▶ WHAT TO DO
Copy each line of the listing below exactly and drop the images.

Start of DATA SECTION

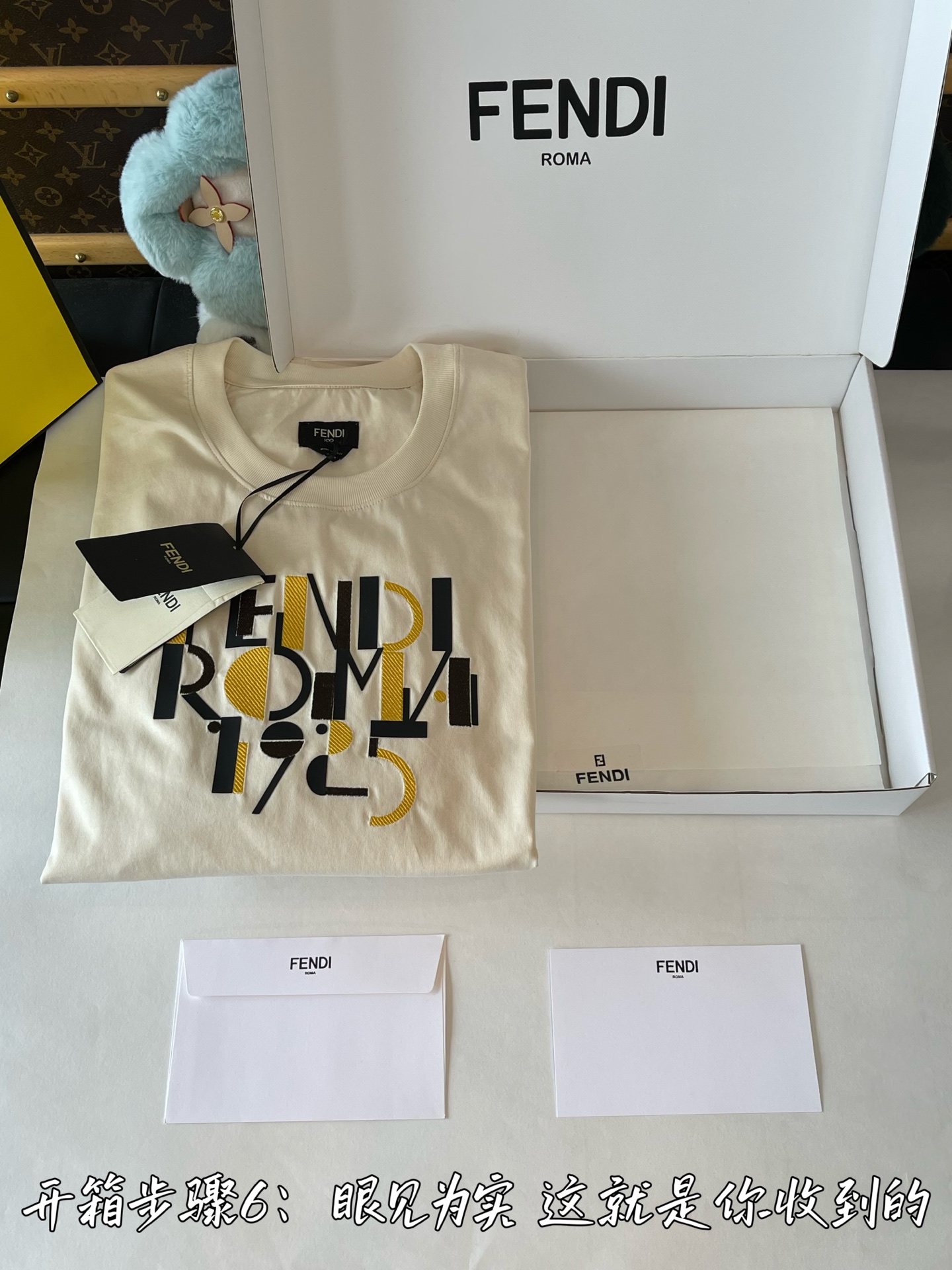 加💰升级全套礼盒发货
细节图请品鉴 无滤镜实拍
好的东西 不需要花里胡哨吹嘘飞机盒 购物袋 礼盒 丝带 卡片 雪梨纸
官网配件 给你官网购物的体验感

End of DATA SECTION

▶ EXERCISE RESPONSE
 加💰升级全套礼盒发货
细节图请品鉴 无滤镜实拍
好的东西 不需要花里胡哨吹嘘飞机盒 购物袋 礼盒 丝带 卡片 雪梨纸
官网配件 给你官网购物的体验感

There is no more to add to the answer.